What could happen if we execute the 2.56.2 after_linking code after all the 4.0 versioning? Inside the node group all the unconnected sockets have been exposed first as ntree->inputs/ntree-outputs with nullptr links, those have then been replaced with group input/output nodes and regular links, and then the ntree->inputs/ntree-outputs have been replaced by tree_interface.ui_items. Even after all this the deprecated own_index of the sockets in the tree that should be exposed to mimick 2.5 behavior still exist, which would make it possible to find internal sockets and update the external socket identifiers.
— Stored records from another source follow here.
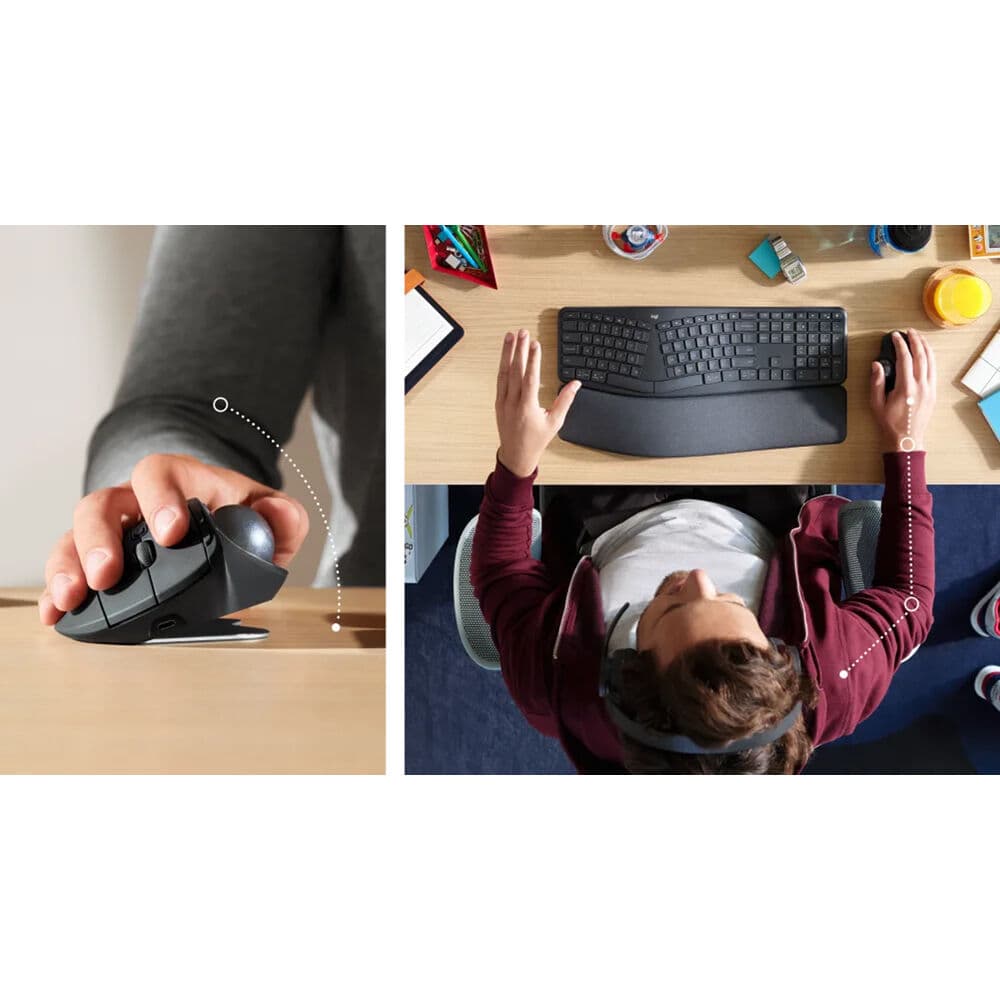 Logitech MX Ergo S Plus Graphite ergonomic wireless trackball mouse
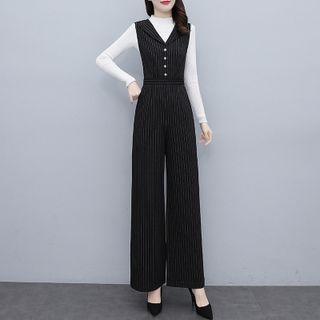 Mock-neck Knit Top / Sleeveless Striped Jumpsuit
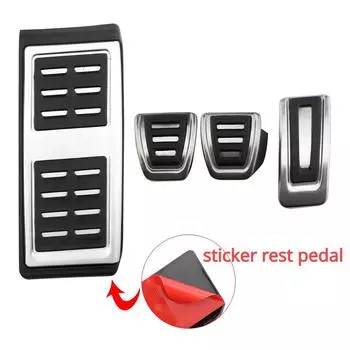 Чехол на педаль из нержавеющей стали для Volkswagen VW Golf 7 8 GTi MK7 Polo A05 Passat B8 Skoda Kodiaq Rapid Octavia 5E 5F A7 2014-2023 чёрный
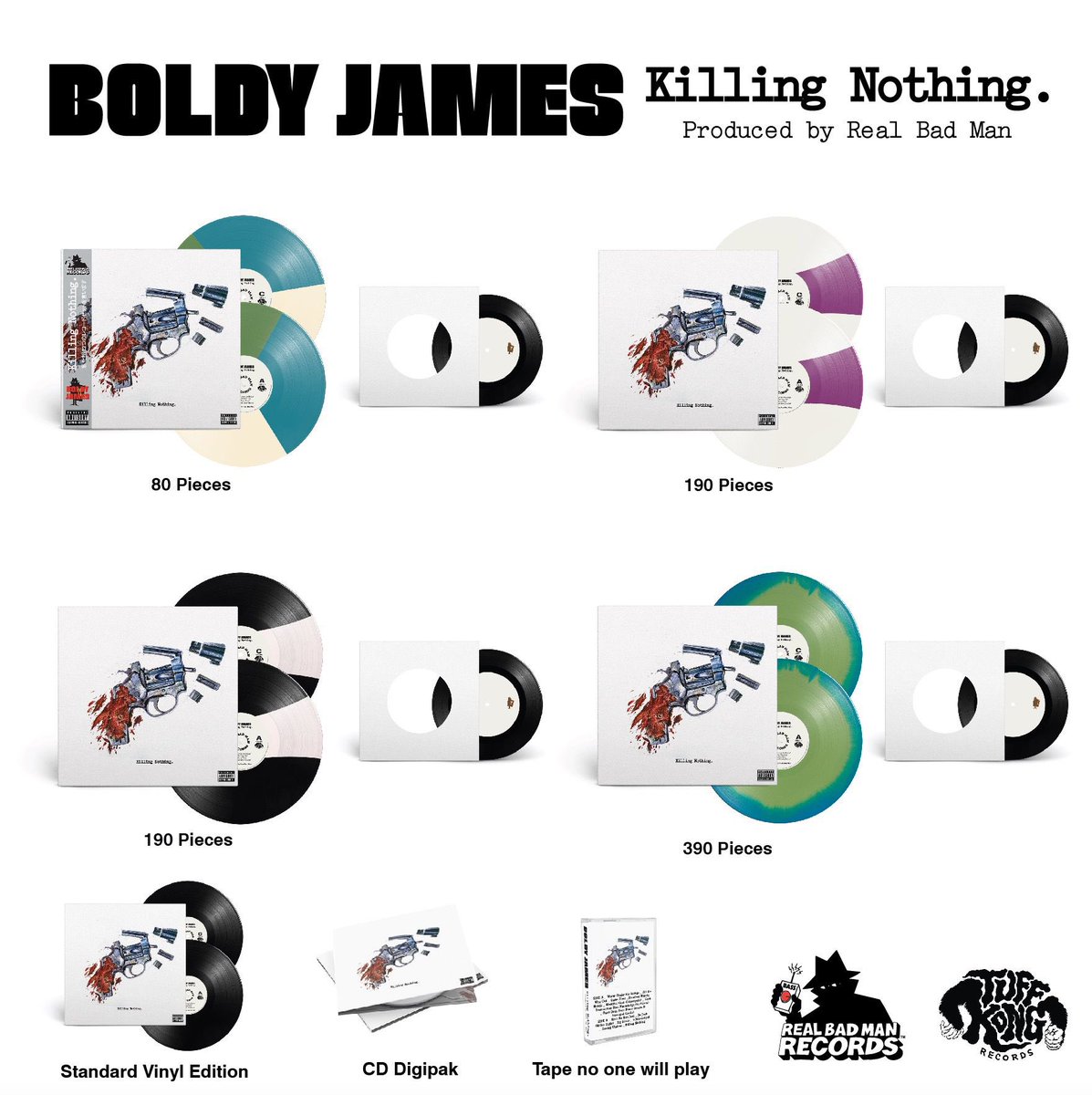 tuffkongrecords's tweet photo. BOLDY JAMES &amp; REAL BAD MAN "KILLING NOTHING" 🔥 Pre-orders will be online FRIDAY MAY 27th at 11AM EST / 5PM CET at https://t.co/W9n4b6bvQH • limited edition vinyl of 850 hand-numbered copies that will include a 45 featuring bonus tracks "2 Way Five Pieces" and "Off The Record" https://t.co/mju8nwclc6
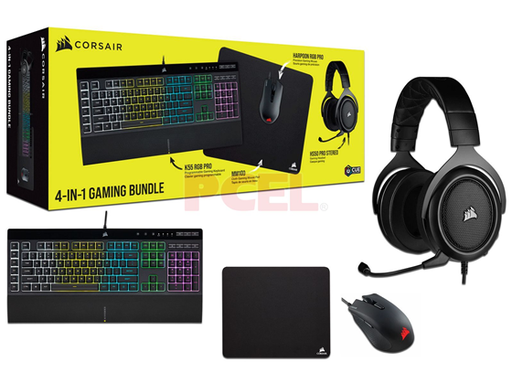[92584] TECLADO + MOUSE + HEADSET + MOUSEPAD CORSAIR 4 EN 1 SET (K55 RGB PRO + HARPOON RGB PRO + HS50 PRO + MM100) GAMINING COMBO, USB, BACKLIT, ESPAÑOL (CH-9226A65-SP)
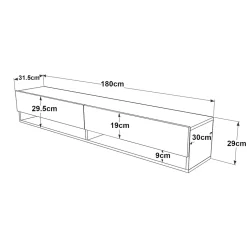 Meuble TV Laitila à 2 portes 29,5 x 180 x 31,5 cm effet bois de pin en.casa
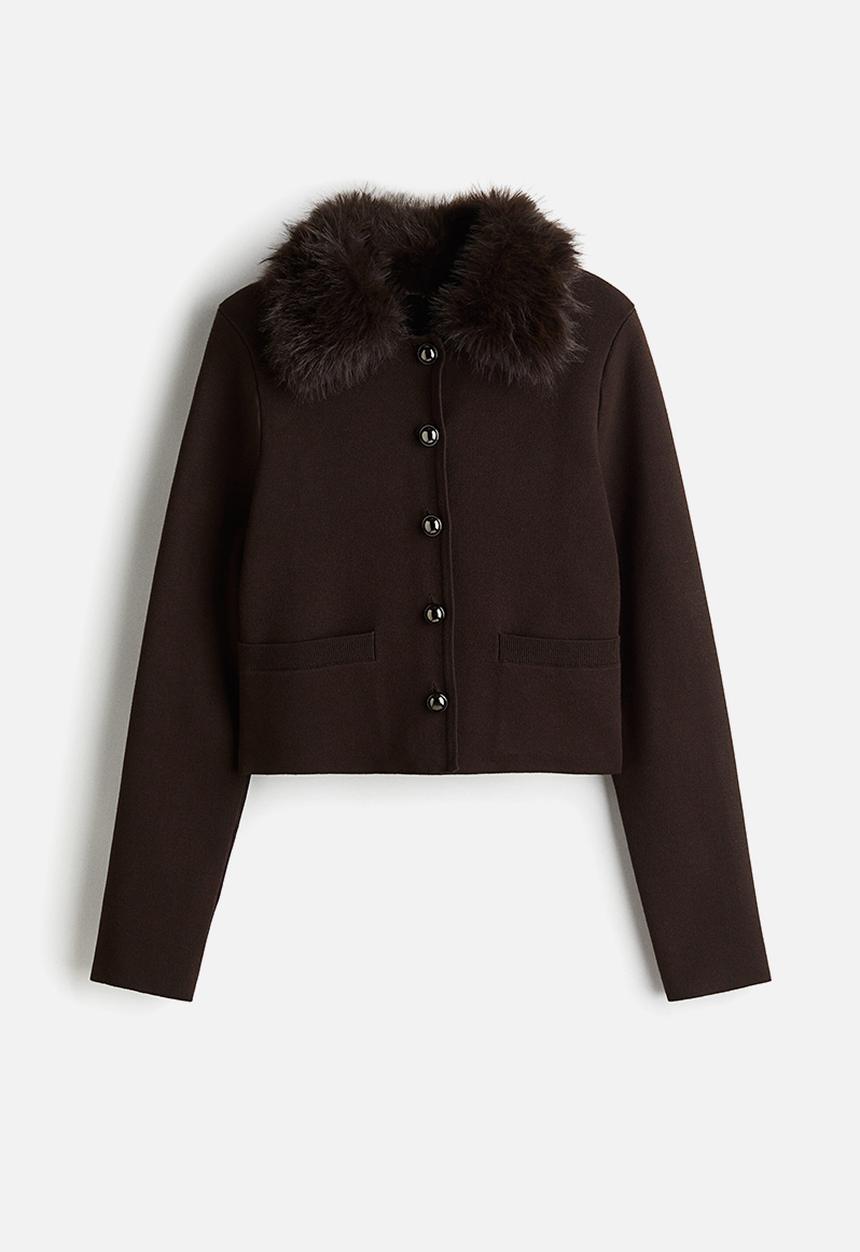 H&M - Fine-knit collared cardigan - dark brown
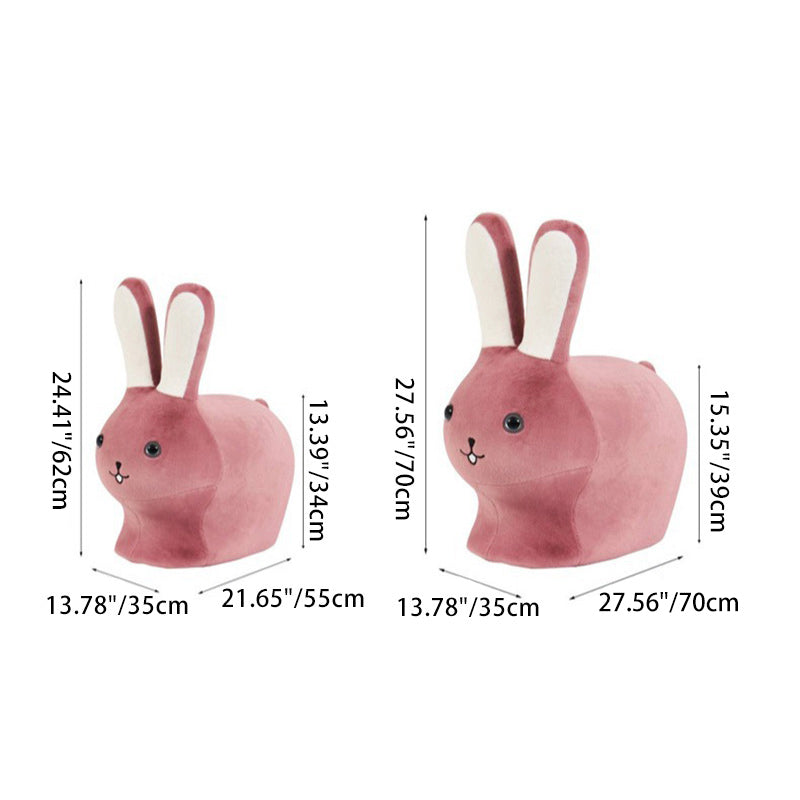 Contemporary Creative Kids Wood Velvet Cotton Rabbit Low Stool Backless For Entryway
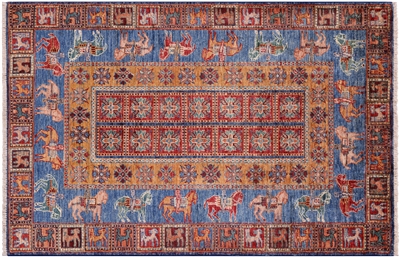Handmade Antiqued Pazyryk Historical Design Wool Rug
However, the versioning code also expects there to be special links with node nullptrs now - so the 2.56.2 after_linking versioning code already includes changes from 2.66.3 in order to function correctly. The special links have been replaced by versioning code, so this part is now ineffective and never runs.

The consequence is that socket identifiers for node groups are not fully updated and some links get broken. This is because the identifiers of existing sockets are first generated by 2.66.2 versioning code (code link) but they are only based on names and unique suffixes. Sockets without a matching group tree socket are replaced later and any links discarded. groupnode25.jpg

We need to update do_versions_after_linking_250 to take this into account and search for matching internal socket like so:

  • For any socket inside the node tree whose own_index matches the group socket's to_index:
    • Check if it has a link to a group input/output node
    • Copy the matching group interface socket identifier

There is a lingering question of what might happen if some intermediate versioning depends on correct group socket identifiers? But i think this is as far as we can reasonably support such ancient files.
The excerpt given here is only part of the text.